We have been running several production sites using ES as our primary data store on EC2 and using the S3 gateway for full cluster backup and recovery.
The deprecation of S3 and the local storage direction does not work for us. We run EC2 instances with no (miniscule) local FS, high memory and high IO. The reason EBS does not work for us is because we let Amazon Elastic Beanstalk control the creation/destruction of all our instances based on cluster load. We do not manage EBS instances.
The S3 gateway has been working perfectly for us, so I ask, why deprecate the shared gateway solutions? Are their technical problems with their implementations?
Thanks for the link. I guess my problem is the deprecation of a feature like this because of a use case where performance takes priority over infrastructure. While that may suit many (most?) users of ES, we don't have any issues with the performance of ES when using an S3 gateway, and the convenience of using it as a backup is unrivaled compared to an API.
So, there is no technical reason for deprecating the S3 gateway, just that the necessary IO to an external storage system carries with it an implication of performance degradation that may impact some use cases?
I'm thankful that the shared gateway should be able to be maintained in a separate project, but isn't the option for an integrated data backup solution that survives cluster shutdown important enough to remain for those use cases where ES is the main source of truth.

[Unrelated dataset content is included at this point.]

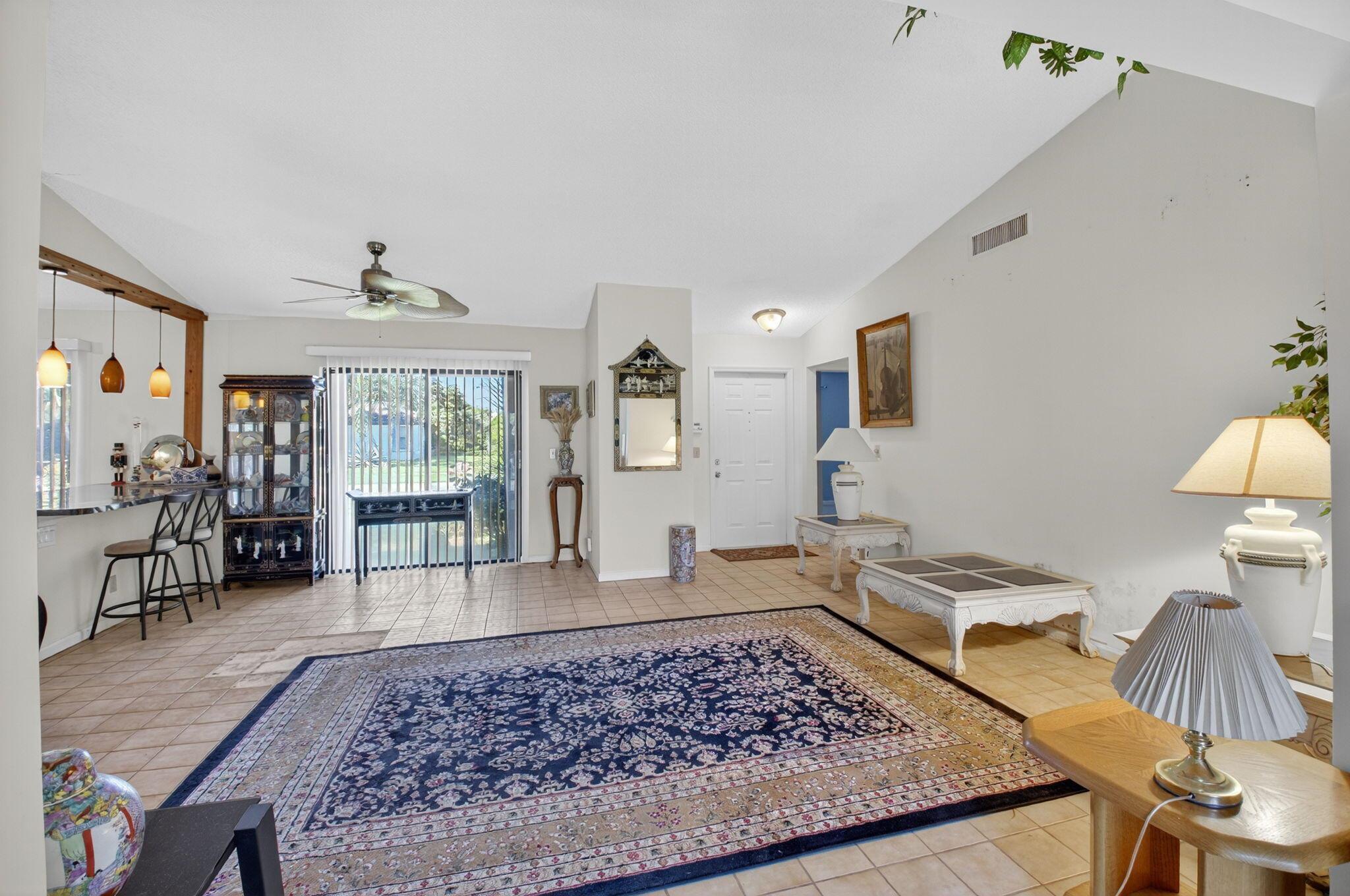 14888 Sunnyview Lane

Perhaps kimchy's assertion that using the shared gateway as a backup solution is a misuse of the feature is what I don't fully understand. We embed ES as our only data persistence into a running web application. We run on EC2 instances which are under the control of Elastic Beanstalk. There are no EBS volumes to snapshot. We use S3 gateway to recover after full cluster shutdowns (version upgrades to our software). I agree that this is an unusual way of using ES as most people deploy ES as a server unto itself, but the advantages it gives us in dynamically shrinking and growing our cluster capacity is unrivaled because everything is self contained in the web app. I can run 1 server or 100 servers with the exact same WAR file deployed, and Amazon decides when to tear down or start up new servers solely by monitoring metrics. It's may seem a bit strange but it is also a beautiful thing to watch.